··· Records for the exercise

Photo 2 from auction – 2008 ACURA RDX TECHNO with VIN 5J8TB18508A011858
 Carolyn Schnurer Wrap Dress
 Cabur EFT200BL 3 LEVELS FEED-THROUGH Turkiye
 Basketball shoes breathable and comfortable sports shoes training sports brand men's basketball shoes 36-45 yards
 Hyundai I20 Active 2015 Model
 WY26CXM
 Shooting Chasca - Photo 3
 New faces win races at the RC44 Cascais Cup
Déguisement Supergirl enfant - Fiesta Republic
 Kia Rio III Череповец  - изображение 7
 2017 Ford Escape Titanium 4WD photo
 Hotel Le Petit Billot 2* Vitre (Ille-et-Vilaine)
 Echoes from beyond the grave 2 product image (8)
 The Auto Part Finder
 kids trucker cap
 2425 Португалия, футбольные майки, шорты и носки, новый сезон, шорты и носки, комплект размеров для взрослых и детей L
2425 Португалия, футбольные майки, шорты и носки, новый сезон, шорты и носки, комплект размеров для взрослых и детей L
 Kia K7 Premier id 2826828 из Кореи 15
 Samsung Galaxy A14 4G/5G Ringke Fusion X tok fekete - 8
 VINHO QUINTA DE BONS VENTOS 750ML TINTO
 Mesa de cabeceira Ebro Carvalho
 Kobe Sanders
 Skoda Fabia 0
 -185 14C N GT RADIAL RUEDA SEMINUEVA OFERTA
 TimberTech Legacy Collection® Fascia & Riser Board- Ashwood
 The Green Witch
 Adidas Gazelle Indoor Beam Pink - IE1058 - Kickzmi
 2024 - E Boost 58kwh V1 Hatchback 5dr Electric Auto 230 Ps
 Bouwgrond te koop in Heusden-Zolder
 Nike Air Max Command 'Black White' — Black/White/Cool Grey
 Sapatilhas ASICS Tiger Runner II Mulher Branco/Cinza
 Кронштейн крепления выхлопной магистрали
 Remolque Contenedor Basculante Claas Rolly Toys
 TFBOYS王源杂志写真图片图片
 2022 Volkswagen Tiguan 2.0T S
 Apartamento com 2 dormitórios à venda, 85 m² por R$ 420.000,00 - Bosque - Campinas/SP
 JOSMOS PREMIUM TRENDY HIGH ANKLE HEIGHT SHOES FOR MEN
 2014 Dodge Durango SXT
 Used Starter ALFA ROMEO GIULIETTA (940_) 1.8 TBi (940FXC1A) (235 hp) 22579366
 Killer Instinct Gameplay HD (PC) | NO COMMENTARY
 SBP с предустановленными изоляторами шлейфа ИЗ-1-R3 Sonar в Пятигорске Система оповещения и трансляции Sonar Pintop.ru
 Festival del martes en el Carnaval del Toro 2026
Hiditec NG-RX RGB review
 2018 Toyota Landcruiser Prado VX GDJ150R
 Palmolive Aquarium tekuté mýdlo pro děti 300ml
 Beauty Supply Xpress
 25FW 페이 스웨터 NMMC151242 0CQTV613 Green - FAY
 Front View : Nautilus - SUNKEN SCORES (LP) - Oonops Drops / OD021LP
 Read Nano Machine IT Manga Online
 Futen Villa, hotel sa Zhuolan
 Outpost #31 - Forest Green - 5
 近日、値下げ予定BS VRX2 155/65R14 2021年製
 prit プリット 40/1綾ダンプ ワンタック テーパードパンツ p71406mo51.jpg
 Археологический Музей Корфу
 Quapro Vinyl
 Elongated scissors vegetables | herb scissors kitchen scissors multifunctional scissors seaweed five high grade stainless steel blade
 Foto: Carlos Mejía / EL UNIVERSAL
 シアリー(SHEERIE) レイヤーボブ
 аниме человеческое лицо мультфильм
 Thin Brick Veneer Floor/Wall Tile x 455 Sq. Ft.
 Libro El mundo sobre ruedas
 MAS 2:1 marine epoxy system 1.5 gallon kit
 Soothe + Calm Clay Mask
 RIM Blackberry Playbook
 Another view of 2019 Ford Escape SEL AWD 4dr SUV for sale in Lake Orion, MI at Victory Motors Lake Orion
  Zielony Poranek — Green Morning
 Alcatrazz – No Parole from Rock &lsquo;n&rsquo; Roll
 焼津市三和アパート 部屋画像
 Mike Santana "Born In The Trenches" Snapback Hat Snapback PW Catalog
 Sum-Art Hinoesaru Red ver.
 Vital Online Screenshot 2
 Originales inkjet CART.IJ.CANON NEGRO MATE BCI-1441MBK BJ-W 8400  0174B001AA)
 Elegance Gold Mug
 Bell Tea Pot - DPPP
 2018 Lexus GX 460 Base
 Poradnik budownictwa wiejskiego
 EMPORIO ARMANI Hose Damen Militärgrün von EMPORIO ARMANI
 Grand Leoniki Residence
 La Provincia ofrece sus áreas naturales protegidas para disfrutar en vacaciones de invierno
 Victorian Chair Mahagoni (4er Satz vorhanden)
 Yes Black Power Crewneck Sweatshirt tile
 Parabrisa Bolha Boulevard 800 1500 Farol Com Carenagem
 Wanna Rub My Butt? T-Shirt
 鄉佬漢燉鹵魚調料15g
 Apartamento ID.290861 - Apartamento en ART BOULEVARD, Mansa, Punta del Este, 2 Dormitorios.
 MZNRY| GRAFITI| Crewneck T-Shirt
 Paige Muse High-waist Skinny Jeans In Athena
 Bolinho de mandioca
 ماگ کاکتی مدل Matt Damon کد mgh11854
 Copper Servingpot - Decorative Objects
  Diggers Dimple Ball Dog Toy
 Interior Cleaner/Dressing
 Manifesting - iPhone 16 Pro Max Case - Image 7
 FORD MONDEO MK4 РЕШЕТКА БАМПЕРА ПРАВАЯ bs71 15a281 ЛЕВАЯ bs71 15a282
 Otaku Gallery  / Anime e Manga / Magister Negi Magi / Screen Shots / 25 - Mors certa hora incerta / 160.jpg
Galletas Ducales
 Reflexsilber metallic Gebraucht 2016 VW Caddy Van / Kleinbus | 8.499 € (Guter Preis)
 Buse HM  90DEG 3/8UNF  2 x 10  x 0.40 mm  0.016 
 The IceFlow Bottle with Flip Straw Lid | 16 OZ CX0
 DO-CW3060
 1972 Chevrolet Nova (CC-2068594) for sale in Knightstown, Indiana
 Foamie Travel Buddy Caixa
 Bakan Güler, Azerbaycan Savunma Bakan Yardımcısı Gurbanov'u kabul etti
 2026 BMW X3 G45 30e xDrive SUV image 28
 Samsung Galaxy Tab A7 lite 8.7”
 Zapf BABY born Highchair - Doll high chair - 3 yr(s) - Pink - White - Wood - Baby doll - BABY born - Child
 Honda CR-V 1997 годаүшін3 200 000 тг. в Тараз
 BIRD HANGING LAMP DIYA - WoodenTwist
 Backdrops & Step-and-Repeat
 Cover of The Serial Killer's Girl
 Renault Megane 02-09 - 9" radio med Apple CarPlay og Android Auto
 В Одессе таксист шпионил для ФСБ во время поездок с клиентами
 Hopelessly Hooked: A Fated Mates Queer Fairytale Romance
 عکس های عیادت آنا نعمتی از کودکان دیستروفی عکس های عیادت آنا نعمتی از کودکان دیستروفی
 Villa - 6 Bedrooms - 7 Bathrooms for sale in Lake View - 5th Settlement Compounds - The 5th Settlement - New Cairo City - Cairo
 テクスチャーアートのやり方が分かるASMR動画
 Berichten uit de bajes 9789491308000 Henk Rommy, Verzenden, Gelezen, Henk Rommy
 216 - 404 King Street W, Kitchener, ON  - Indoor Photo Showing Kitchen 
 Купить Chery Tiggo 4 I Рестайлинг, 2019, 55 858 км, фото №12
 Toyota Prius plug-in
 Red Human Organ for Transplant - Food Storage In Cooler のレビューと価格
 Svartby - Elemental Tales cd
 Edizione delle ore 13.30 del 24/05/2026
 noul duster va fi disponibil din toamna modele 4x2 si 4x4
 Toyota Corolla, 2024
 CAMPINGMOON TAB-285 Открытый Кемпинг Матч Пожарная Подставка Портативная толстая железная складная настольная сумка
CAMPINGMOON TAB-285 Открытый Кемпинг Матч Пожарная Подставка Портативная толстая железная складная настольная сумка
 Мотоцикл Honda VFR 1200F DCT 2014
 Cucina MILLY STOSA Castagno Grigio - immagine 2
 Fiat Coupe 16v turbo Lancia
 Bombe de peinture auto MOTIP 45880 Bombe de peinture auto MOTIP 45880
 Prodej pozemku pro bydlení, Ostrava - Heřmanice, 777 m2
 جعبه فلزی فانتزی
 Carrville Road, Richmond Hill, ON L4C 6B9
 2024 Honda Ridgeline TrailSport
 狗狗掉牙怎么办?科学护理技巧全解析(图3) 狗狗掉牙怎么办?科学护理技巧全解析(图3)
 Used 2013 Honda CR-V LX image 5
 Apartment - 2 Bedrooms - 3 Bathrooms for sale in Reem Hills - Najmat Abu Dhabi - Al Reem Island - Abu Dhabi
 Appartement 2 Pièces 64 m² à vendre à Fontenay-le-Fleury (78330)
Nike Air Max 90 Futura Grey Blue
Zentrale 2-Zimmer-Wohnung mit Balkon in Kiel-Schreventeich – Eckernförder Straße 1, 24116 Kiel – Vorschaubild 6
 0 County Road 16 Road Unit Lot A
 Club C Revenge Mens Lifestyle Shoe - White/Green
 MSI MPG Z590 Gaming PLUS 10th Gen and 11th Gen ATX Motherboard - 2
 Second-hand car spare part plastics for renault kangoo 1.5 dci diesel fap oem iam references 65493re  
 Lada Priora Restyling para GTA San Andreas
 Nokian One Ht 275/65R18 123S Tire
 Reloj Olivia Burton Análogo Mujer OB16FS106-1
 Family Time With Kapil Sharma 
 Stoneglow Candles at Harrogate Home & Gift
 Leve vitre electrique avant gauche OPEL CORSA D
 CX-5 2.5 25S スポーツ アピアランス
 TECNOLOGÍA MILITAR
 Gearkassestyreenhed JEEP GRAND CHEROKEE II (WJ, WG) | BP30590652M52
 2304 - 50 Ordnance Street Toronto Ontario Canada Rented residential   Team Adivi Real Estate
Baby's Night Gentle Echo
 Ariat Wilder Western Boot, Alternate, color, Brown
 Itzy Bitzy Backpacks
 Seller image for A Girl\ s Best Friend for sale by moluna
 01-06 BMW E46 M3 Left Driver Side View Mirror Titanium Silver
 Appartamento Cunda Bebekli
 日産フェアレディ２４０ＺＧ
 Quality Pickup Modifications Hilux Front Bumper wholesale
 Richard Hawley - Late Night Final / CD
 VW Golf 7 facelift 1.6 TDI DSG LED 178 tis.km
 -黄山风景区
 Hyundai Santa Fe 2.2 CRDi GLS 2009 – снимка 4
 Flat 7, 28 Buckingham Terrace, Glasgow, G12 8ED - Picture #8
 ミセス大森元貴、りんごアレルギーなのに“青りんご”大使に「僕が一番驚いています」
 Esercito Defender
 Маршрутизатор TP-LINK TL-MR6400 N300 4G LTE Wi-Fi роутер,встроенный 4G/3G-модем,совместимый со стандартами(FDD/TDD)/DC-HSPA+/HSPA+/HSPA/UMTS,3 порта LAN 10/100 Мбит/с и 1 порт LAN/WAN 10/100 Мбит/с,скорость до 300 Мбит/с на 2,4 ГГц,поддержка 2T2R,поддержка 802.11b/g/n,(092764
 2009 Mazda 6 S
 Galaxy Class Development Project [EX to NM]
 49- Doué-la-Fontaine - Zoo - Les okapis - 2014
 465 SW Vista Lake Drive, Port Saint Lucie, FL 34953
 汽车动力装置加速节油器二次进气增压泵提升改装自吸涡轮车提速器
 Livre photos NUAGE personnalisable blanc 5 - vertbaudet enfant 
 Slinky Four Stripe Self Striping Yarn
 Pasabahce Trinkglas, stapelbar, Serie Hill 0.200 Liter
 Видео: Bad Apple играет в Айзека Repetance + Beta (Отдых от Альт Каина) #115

······

Problem statement: Reproduce exactly the final stretch of the listing, starting at the line that contains "Hyundai Santa Fe" and ending with the last line.

Answer box:
 Hyundai Santa Fe 2.2 CRDi GLS 2009 – снимка 4
 Flat 7, 28 Buckingham Terrace, Glasgow, G12 8ED - Picture #8
 ミセス大森元貴、りんごアレルギーなのに“青りんご”大使に「僕が一番驚いています」
 Esercito Defender
 Маршрутизатор TP-LINK TL-MR6400 N300 4G LTE Wi-Fi роутер,встроенный 4G/3G-модем,совместимый со стандартами(FDD/TDD)/DC-HSPA+/HSPA+/HSPA/UMTS,3 порта LAN 10/100 Мбит/с и 1 порт LAN/WAN 10/100 Мбит/с,скорость до 300 Мбит/с на 2,4 ГГц,поддержка 2T2R,поддержка 802.11b/g/n,(092764
 2009 Mazda 6 S
 Galaxy Class Development Project [EX to NM]
 49- Doué-la-Fontaine - Zoo - Les okapis - 2014
 465 SW Vista Lake Drive, Port Saint Lucie, FL 34953
 汽车动力装置加速节油器二次进气增压泵提升改装自吸涡轮车提速器
 Livre photos NUAGE personnalisable blanc 5 - vertbaudet enfant 
 Slinky Four Stripe Self Striping Yarn
 Pasabahce Trinkglas, stapelbar, Serie Hill 0.200 Liter
 Видео: Bad Apple играет в Айзека Repetance + Beta (Отдых от Альт Каина) #115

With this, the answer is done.